S’agripper – Phénicia Leroy

12 novembre 2024

S’agripper                                                                                                                                                                                                    Illustration : Logan Dereuter – Ateliers du 94

Phénicia Leroy

Au SASJ Les Glycines, nous accueillons notamment des enfants autistes. Cet accueil de jour, se fait sous la forme d’ateliers divers, toujours articulés aux intérêts des enfants. Nous veillons à repérer les conditions nécessaires pour que chaque enfant trouve une manière de faire avec les autres, avec la langue, avec son corps.

La rencontre avec Martin, arrivé à l’âge de trois ans, m’a beaucoup enseigné sur la façon dont nous pouvons accompagner un enfant à trouver et complexifier sa solution.

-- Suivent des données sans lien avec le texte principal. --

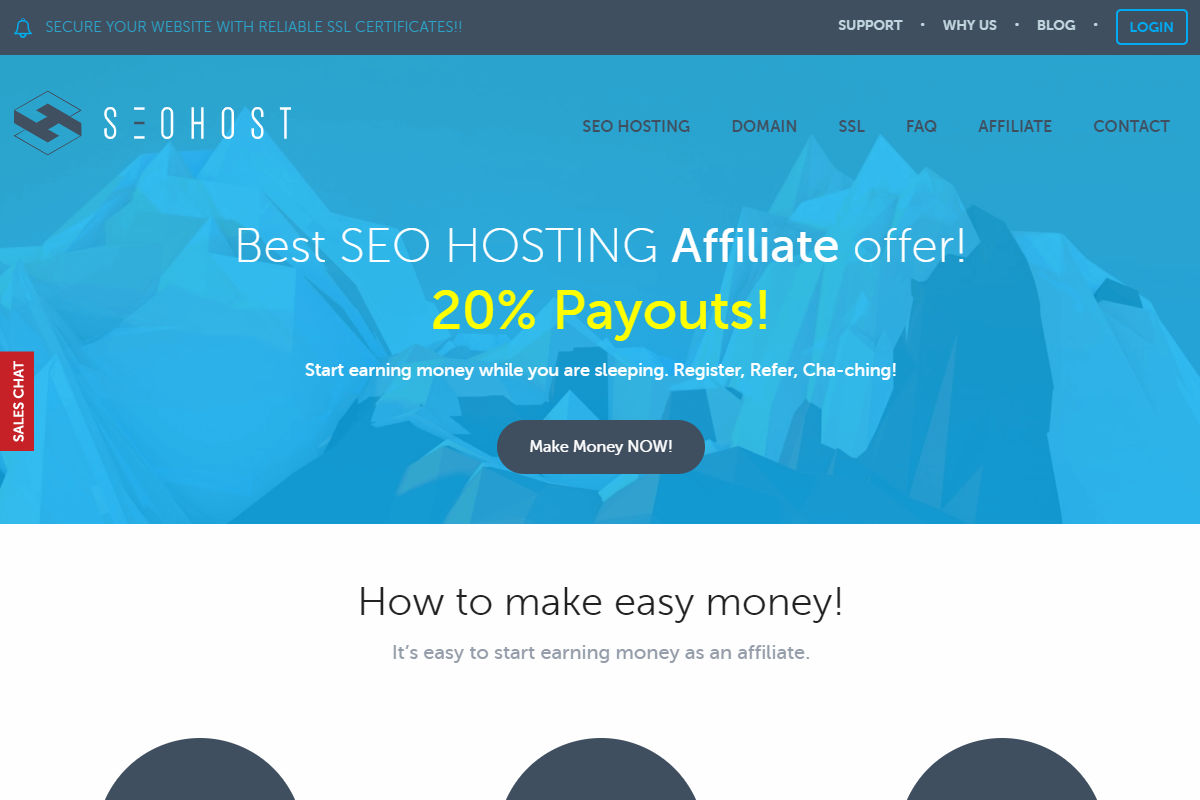 top dating affiliate networks top dating affiliate networks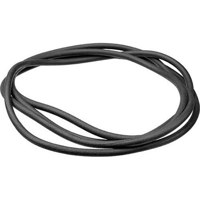 Pelican 1523 Replacement O-Rin Picture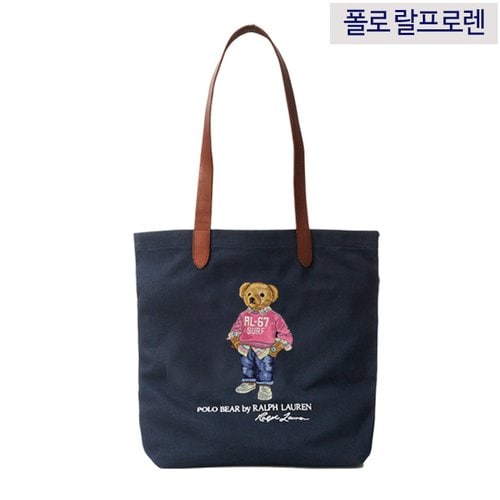 상품 이미지2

Lors de notre première rencontre, Martin agrippe mon corps. Il passe ensuite de bras en bras. Avec les autres enfants, c’est compliqué : il arrache leurs objets, les bouscule ou leur saute dessus. Les enfants en pleurs le happent. Plus nous cherchons à le décoller de l’autre, plus il s’accroche et hurle. Sans cette accroche aux autres corps, Martin est une balle de flipper. Être pris dans les bras, grimper sur les genoux, cogner les corps sont autant de façons de se tenir auprès de l’autre dans un premier temps.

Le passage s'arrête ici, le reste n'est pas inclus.